*EXERCISE*
Please copy the lines below, exactly as they are, from the one with "R16.5 TOYOTA Land Cruiser 1990-2005 - 1" through the one with "9037 Wyatt Loop SE, Tumwater, WA 98501", and leave out the pictures.

*MATERIAL PROVIDED*
'''

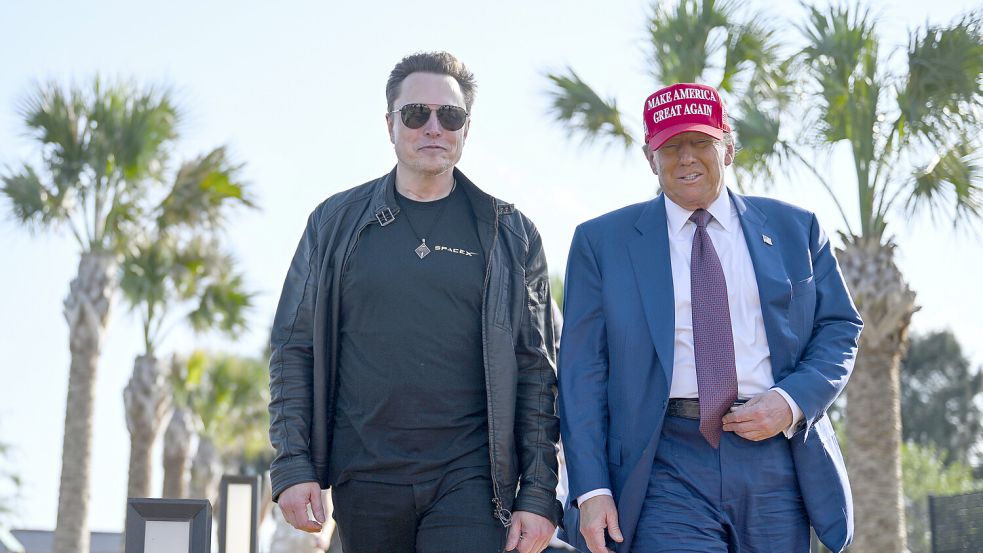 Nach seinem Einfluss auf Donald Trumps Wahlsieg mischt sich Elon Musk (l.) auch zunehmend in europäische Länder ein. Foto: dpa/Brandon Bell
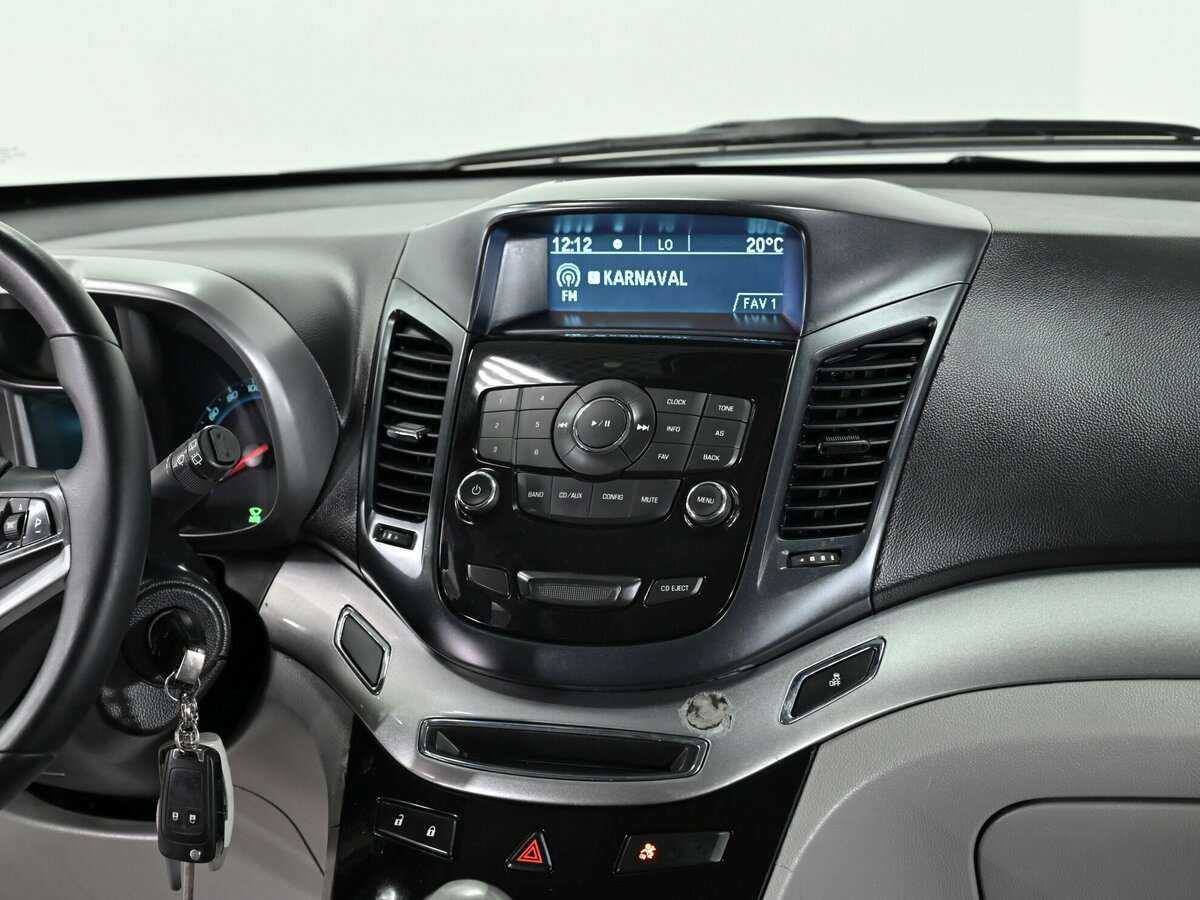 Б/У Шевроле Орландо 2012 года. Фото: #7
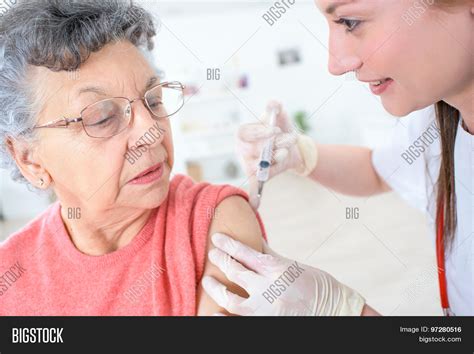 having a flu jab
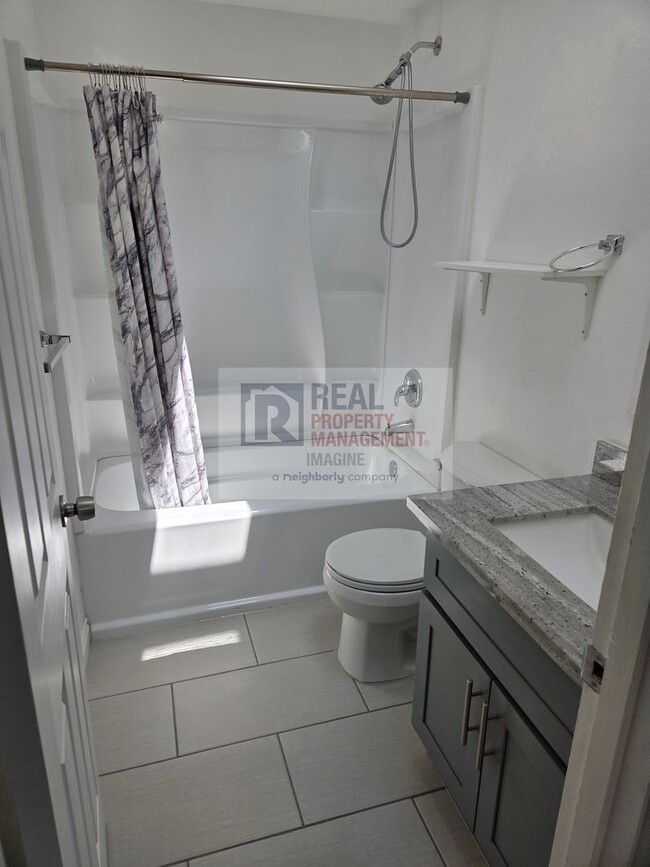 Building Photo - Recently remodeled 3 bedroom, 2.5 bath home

'''
'''

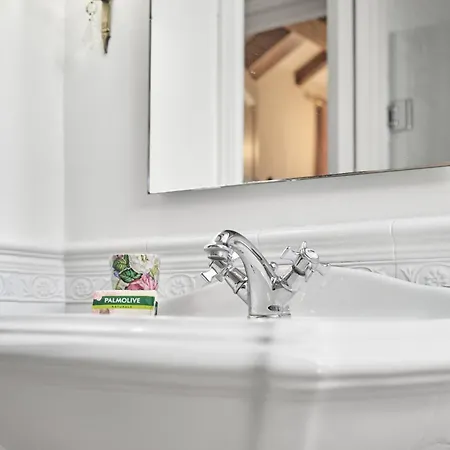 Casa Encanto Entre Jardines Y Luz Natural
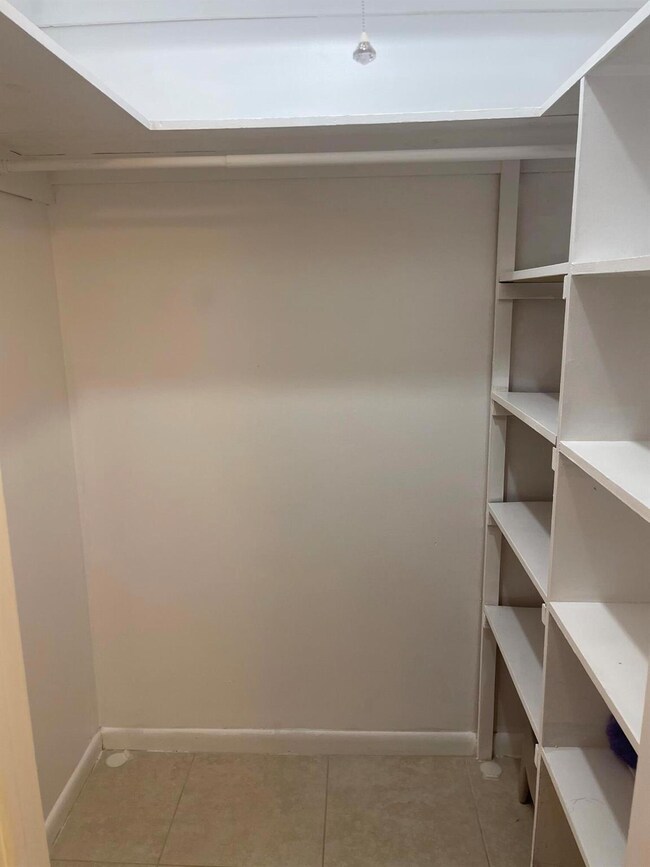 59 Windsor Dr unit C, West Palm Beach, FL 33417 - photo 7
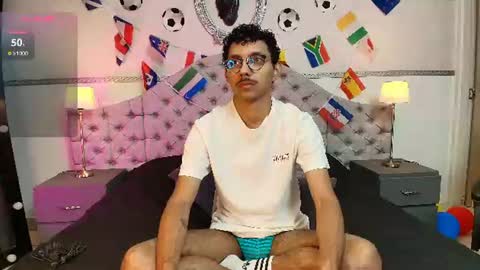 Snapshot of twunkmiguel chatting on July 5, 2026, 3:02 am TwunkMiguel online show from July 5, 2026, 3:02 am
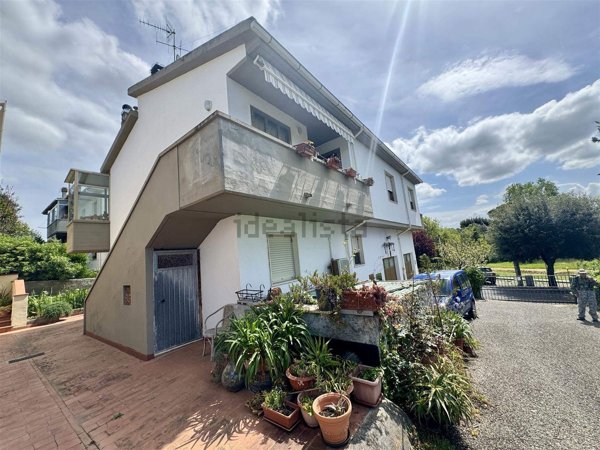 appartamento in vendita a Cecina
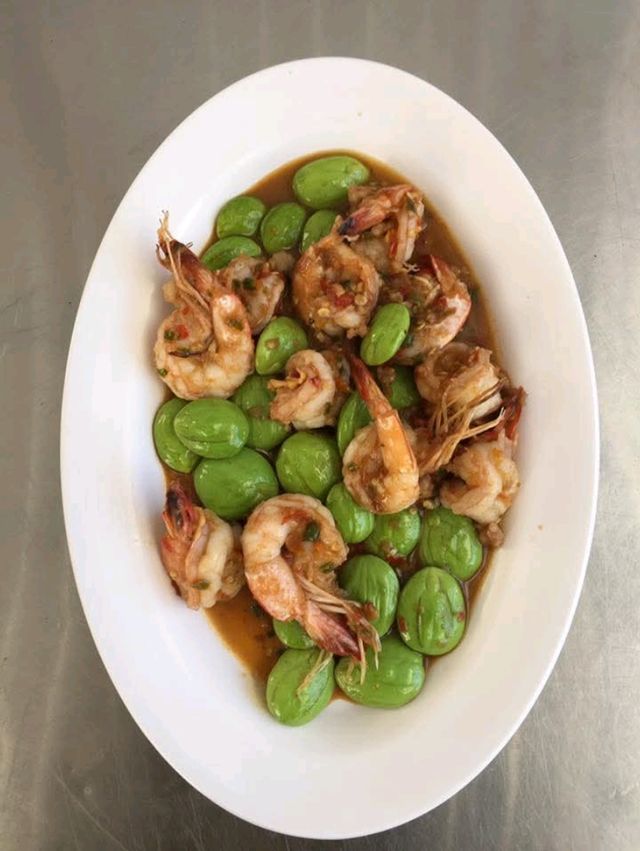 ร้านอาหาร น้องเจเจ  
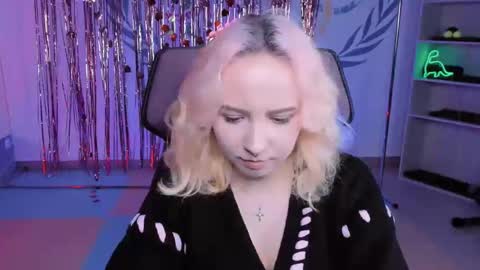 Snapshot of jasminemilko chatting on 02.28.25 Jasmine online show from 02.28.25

'''
'''

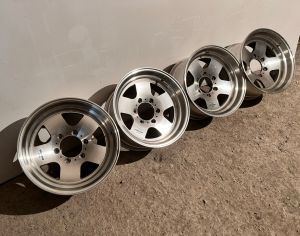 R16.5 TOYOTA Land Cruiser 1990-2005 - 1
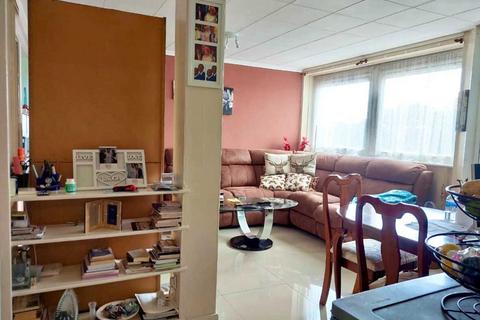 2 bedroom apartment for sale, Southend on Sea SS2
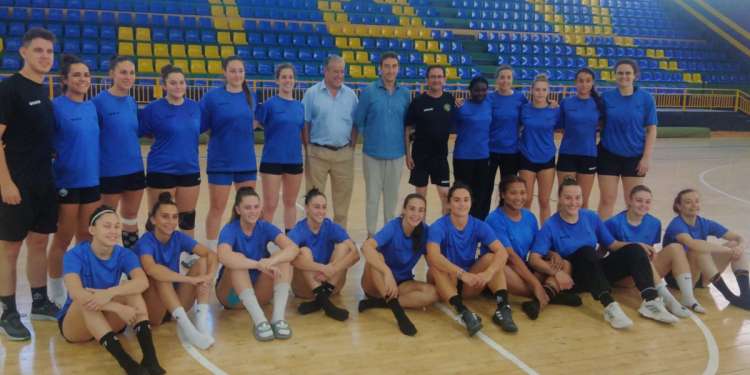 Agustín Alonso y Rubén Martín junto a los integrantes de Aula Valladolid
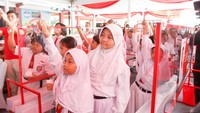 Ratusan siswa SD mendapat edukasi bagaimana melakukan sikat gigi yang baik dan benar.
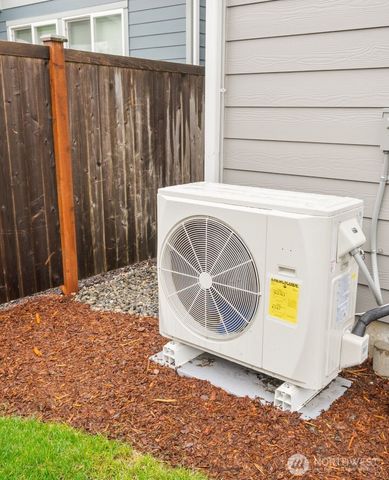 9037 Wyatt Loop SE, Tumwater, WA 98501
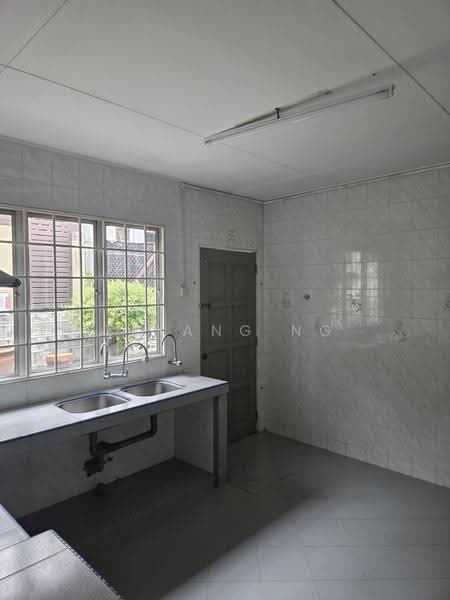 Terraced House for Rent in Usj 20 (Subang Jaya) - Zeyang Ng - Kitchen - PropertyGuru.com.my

'''

*RESULT FOR THIS TASK*
 R16.5 TOYOTA Land Cruiser 1990-2005 - 1
 2 bedroom apartment for sale, Southend on Sea SS2
 Agustín Alonso y Rubén Martín junto a los integrantes de Aula Valladolid
 Ratusan siswa SD mendapat edukasi bagaimana melakukan sikat gigi yang baik dan benar.
 9037 Wyatt Loop SE, Tumwater, WA 98501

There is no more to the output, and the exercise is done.